**Task description**
Start at the first line of the material below and retype each line through the one containing "Уголок стулья 200.000", exactly.

**Material for the task**
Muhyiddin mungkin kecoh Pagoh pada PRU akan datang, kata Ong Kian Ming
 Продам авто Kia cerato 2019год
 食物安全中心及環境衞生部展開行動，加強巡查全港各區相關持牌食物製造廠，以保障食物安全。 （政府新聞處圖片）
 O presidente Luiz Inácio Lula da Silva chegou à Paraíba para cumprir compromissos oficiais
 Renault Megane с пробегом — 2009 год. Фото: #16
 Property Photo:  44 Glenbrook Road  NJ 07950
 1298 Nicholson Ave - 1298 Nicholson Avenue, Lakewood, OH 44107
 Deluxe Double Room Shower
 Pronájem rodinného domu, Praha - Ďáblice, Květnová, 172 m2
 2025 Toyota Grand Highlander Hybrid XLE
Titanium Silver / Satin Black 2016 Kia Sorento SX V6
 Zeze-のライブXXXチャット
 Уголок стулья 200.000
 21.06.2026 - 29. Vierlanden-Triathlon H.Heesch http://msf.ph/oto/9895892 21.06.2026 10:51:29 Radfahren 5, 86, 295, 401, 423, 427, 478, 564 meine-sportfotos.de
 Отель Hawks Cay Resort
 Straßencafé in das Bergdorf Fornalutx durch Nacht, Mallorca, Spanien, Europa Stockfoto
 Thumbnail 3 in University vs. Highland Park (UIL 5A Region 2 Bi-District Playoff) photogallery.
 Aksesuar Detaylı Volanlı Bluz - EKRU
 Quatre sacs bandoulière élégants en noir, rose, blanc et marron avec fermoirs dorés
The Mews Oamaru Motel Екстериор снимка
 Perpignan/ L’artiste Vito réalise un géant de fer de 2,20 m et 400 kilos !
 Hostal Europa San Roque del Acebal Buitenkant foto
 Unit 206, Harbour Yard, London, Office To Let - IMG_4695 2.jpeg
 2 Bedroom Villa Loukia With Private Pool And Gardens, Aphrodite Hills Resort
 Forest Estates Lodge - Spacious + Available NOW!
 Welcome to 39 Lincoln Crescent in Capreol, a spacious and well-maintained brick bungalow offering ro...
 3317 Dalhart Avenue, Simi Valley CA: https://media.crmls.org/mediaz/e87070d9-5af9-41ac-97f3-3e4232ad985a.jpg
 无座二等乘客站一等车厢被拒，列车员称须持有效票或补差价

**Exercise response**
Muhyiddin mungkin kecoh Pagoh pada PRU akan datang, kata Ong Kian Ming
 Продам авто Kia cerato 2019год
 食物安全中心及環境衞生部展開行動，加強巡查全港各區相關持牌食物製造廠，以保障食物安全。 （政府新聞處圖片）
 O presidente Luiz Inácio Lula da Silva chegou à Paraíba para cumprir compromissos oficiais
 Renault Megane с пробегом — 2009 год. Фото: #16
 Property Photo:  44 Glenbrook Road  NJ 07950
 1298 Nicholson Ave - 1298 Nicholson Avenue, Lakewood, OH 44107
 Deluxe Double Room Shower
 Pronájem rodinného domu, Praha - Ďáblice, Květnová, 172 m2
 2025 Toyota Grand Highlander Hybrid XLE
Titanium Silver / Satin Black 2016 Kia Sorento SX V6
 Zeze-のライブXXXチャット
 Уголок стулья 200.000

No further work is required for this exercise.